◆ TASK MATERIAL ◆
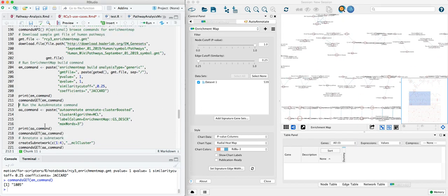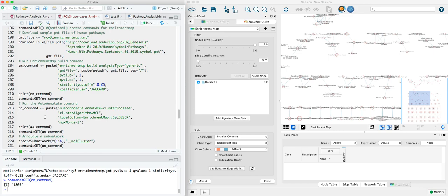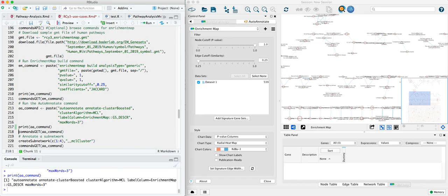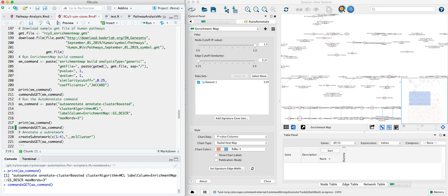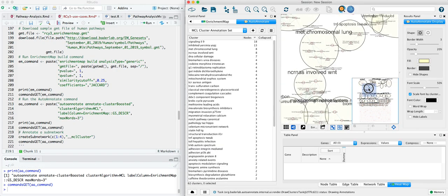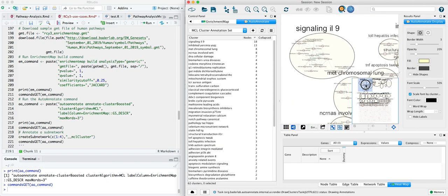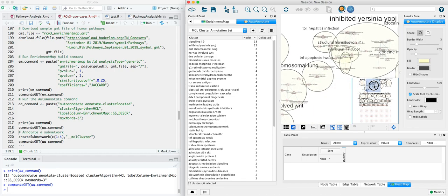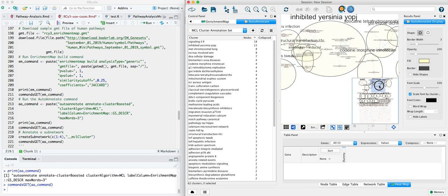The next command annotates these collections using auto-annotate and word cloud. So again, we'll construct the command syntax. You can print it out here to take a look at it. We'll reuse it directly if you want. And run it from RCy3 with the next line. This then uses word cloud assessment of the pathway names to give a title to each of these groupings.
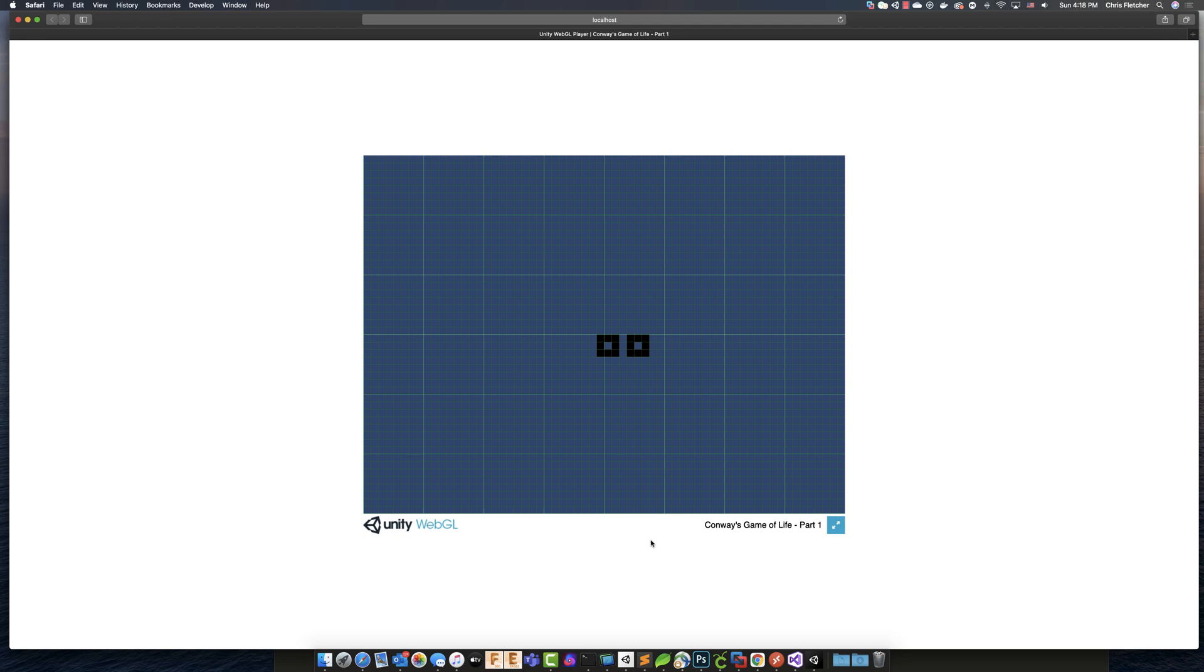So, the other cool thing that we're going to learn is how we're going to take Unity and build our, or basically structure our program in such a way that it doesn't matter if we build it for WebGL or for the desktop,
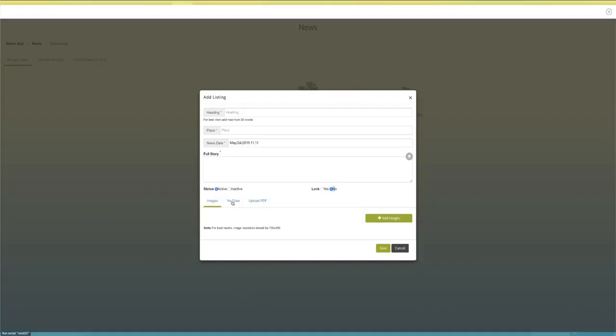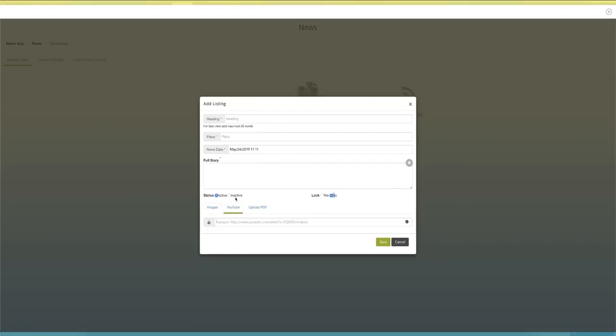Once you start adding articles, you can also populate multimedia content like images and videos. You also have the option to share the content or the story on social media channels like Facebook and Twitter.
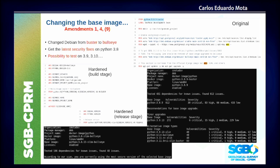GeoNode uses the Buster Debian version and inserts a Bullseye repository into the Dockerfile. Upgrading to Bullseye makes this unnecessary. Overall, we are going from 612 vulnerabilities down to at least 48.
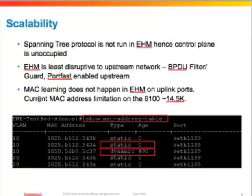End host mode is also the least disruptive to the upstream network. When you connect a fabric interconnect in end host mode to an upstream network, we recommend turning on port fast type edge along with BPDU filter and BPDU guard. With that configuration, even if the fabric interconnects lose uplinks, are rebooted, or undergo a firmware upgrade, nothing changes from the upstream network perspective.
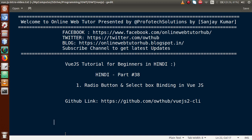Hello guys, welcome to Online Web Tutor presented by Preferred Solutions Team. I am Sanjay. We are learning Vue.js for beginners in Hindi, and this is Part 38. In this video session, we will see about radio button and select box binding in Vue.js application. If you're a beginner to the channel, please subscribe and keep watching our previous video sessions to get a clear concept about the Vue.js tutorial.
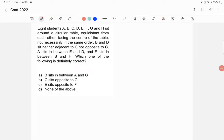8 students A, B, C, D, E, F, G and H sit around a circular table equidistant from each other facing the center of the table, not necessarily in the same order. B and D sit neither adjacent to C nor opposite to C. A sits in between E and D. F sits in between B and H. Which one of the following is definitely correct?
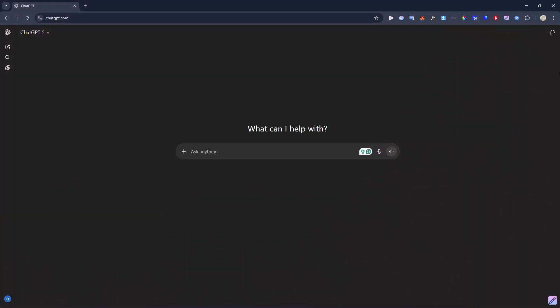Here we are inside ChatGPT and we want to create our own style frames with the help of AI. The first thing you need to do is define the role for ChatGPT — whether you want it to be your graphic designer or your animator. For this case, I want ChatGPT to be the graphic designer, so I'm just going to start with: 'You are my graphic designer.' Then I need to tell ChatGPT exactly what I want — to design style frames in a way that is animatable in Adobe After Effects.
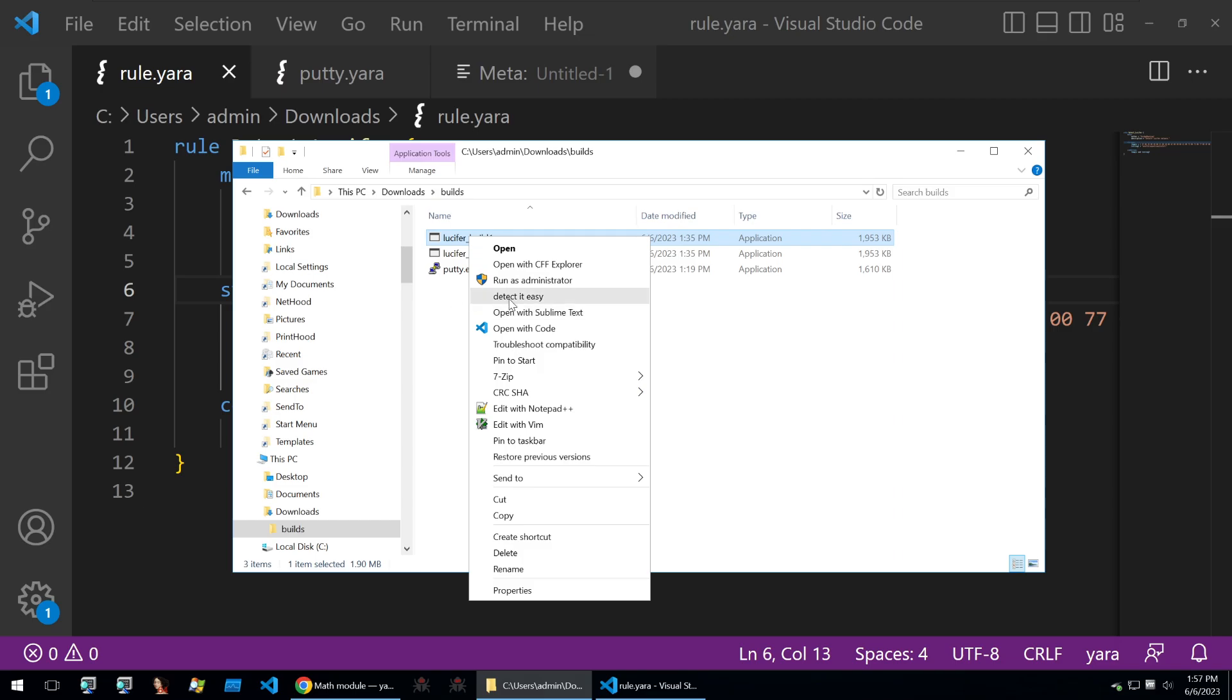What I'm going to do is start off by opening this within Detect It Easy and HxD. But before I do that, here's a word from Guided Hacking.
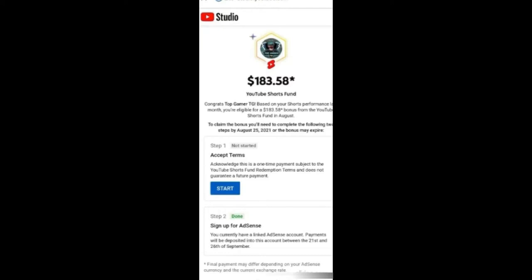The first option: you will accept the terms and conditions. If you click the start button and simply click on it, automatically you will accept the terms and conditions.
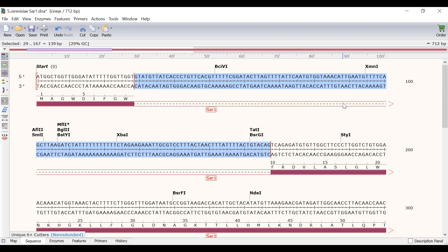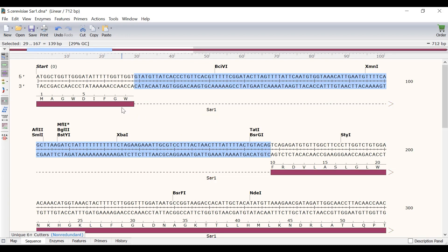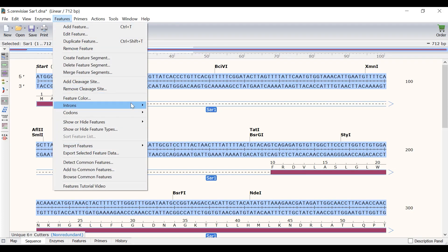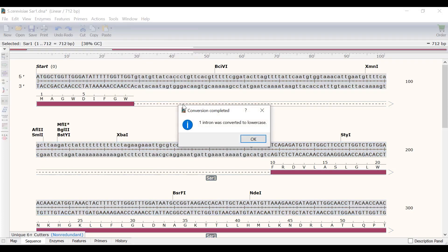If desired, you can always convert the intron sequence to lowercase by selecting the feature and going to features, introns, convert introns to lowercase.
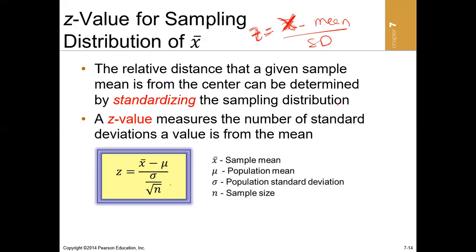When it comes to sampling distributions and we compute a sample mean, we can also compute the z-score for a sample mean. The z-score of a sample mean shows how many standard deviations a sample mean is from its average. Remember that according to the first theory, the average of all sample means should equal the population mean.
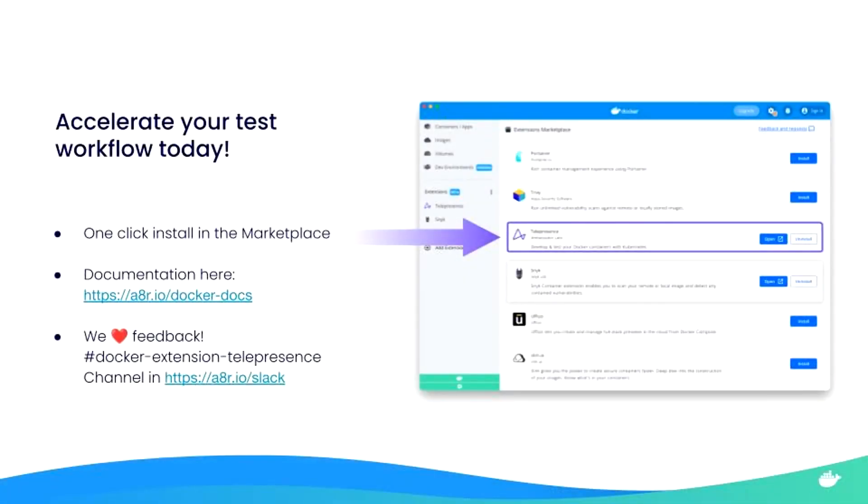Accelerate your test workflow today with a simple one click install of Telepresence via the Docker desktop extension marketplace. You can also find documentation at a8r.ao slash docker dash docs. And please join the conversation in Slack at a8r.ao slash Slack.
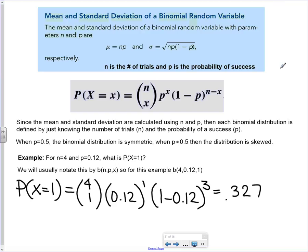The mean and standard deviation of a binomial random variable use simpler formulas than the general discrete case. Once you know it's binomial, the mean is simply N times P. The standard deviation is the square root of N times P times 1 minus P. N is the number of trials, P is the probability of success. You need to know N and P, and then the X value you're trying to calculate for.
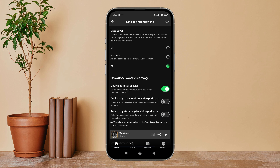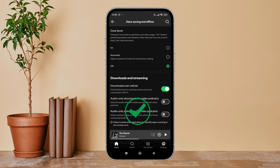Turn it on by tapping on it. So this is how you can enable downloads over cellular on Spotify. Thanks for watching. If you found this helpful, we would love it if you hit the thumbs up button below.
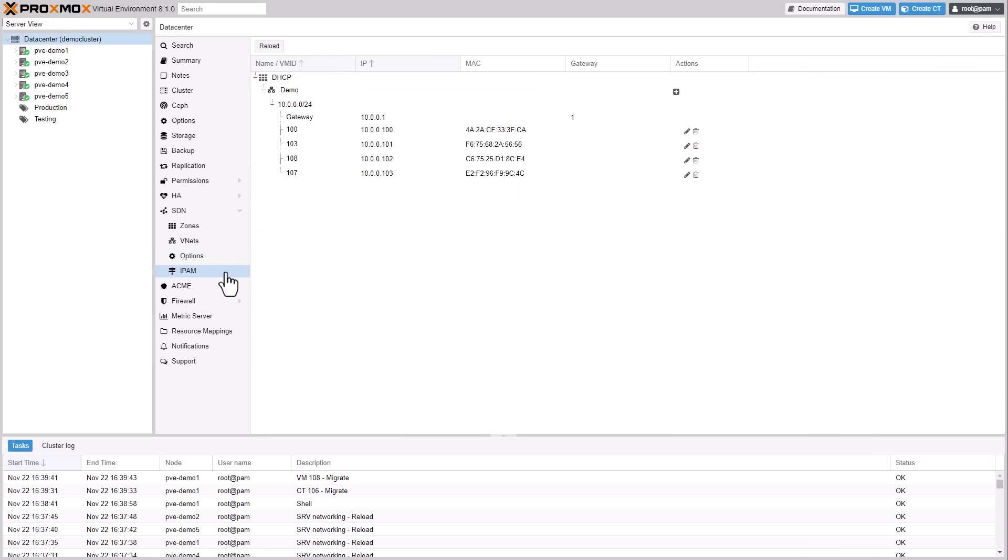The DHCP integration into the built-in PVE IP address management stack uses dnsmasq for giving out DHCP leases.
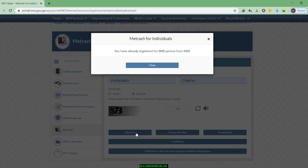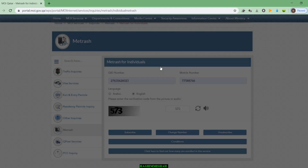If you click Subscribe, you will get a message. In my case it says: 'You have already registered for SMS services from MOI.' That means my mobile number is already registered here, which is why I received this message. If you register a new mobile number, you will get a message saying you have successfully registered your mobile number for SMS services.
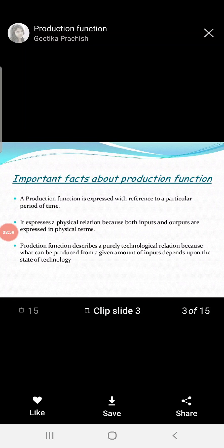Next, the production function expresses a physical relation because both input and output are expressed in physical terms. The production function is a concept about the physical relationship between input and output — how much input is required and how much output you are producing with the help of available inputs, all in physical form.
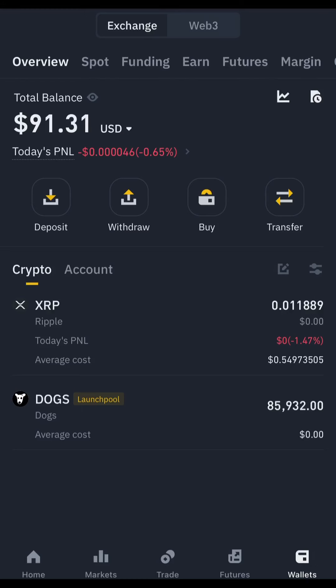If you're in Nigeria and not allowed to do P2P on Binance, go to your Bybit wallet and copy your Bybit USDT address. Come back and transfer the USDT you've converted from DOGS, and send it to your Bybit. Then from Bybit, open a P2P trade to convert your USDT to Naira — someone will buy your USDT and send you Naira.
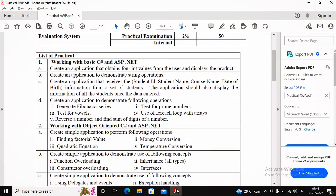Welcome students. In this video we are completing Practical 1d. Looking at the practical, there are five different programs expected: generating a Fibonacci series, testing whether a given number is prime, testing whether an accepted character is a vowel, use of the for-each loop with an array, and reversing a number and finding the sum of its digits.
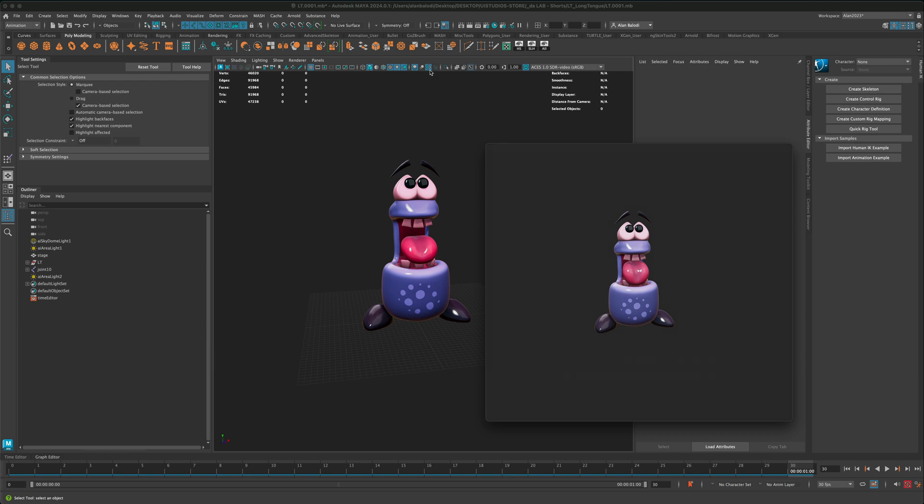But the bottom line is keep in mind that playblast is very powerful. And as you can see, as long as you have your anti-alias button turned on right here and your shadows are turned on, the shadows and the ambient occlusion, so these three buttons, the output of playblast is very nice.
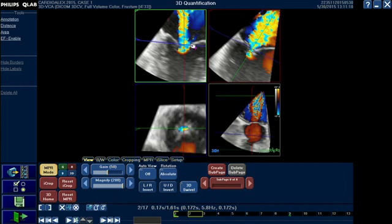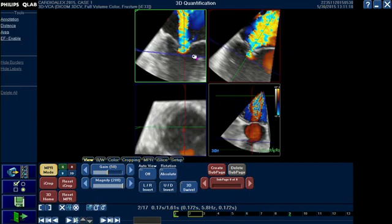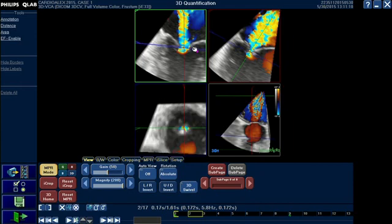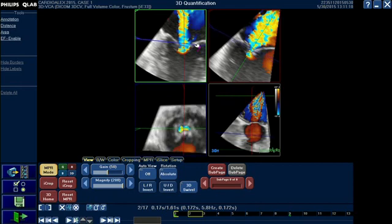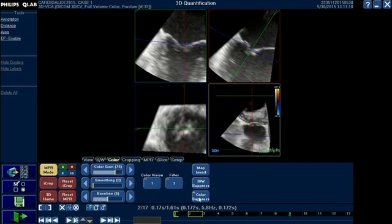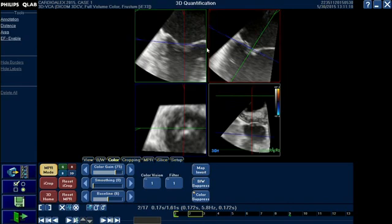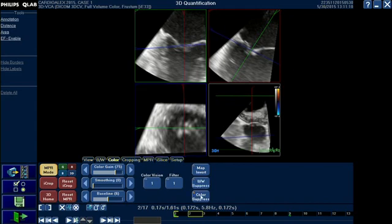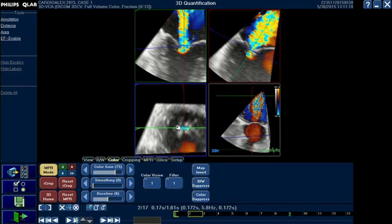Coming closer now — if I move downwards toward the LV I will lose everything; this is the PISA itself. Now I'm cutting at the neck of the jet, just proximal to the orifice. From here you can toggle the color on and off to see the orifice in grayscale, which reassures you that you are cutting at the true regurgitant orifice. If not, you can modify your lines and come closer to the orifice, then put the color back to get a proper vena contracta view.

◆ PROBLEM DETAILS ◆
From the very first line of the listing above through the line that holds "Hello guys, welcome", write out each line exactly as it stands, leaving pictures out.

◆ WORKED SOLUTION ◆
The next command annotates these collections using auto-annotate and word cloud. So again, we'll construct the command syntax. You can print it out here to take a look at it. We'll reuse it directly if you want. And run it from RCy3 with the next line. This then uses word cloud assessment of the pathway names to give a title to each of these groupings.
So, the other cool thing that we're going to learn is how we're going to take Unity and build our, or basically structure our program in such a way that it doesn't matter if we build it for WebGL or for the desktop,
Once you start adding articles, you can also populate multimedia content like images and videos. You also have the option to share the content or the story on social media channels like Facebook and Twitter.
GeoNode uses the Buster Debian version and inserts a Bullseye repository into the Dockerfile. Upgrading to Bullseye makes this unnecessary. Overall, we are going from 612 vulnerabilities down to at least 48.
End host mode is also the least disruptive to the upstream network. When you connect a fabric interconnect in end host mode to an upstream network, we recommend turning on port fast type edge along with BPDU filter and BPDU guard. With that configuration, even if the fabric interconnects lose uplinks, are rebooted, or undergo a firmware upgrade, nothing changes from the upstream network perspective.
Hello guys, welcome to Online Web Tutor presented by Preferred Solutions Team. I am Sanjay. We are learning Vue.js for beginners in Hindi, and this is Part 38. In this video session, we will see about radio button and select box binding in Vue.js application. If you're a beginner to the channel, please subscribe and keep watching our previous video sessions to get a clear concept about the Vue.js tutorial.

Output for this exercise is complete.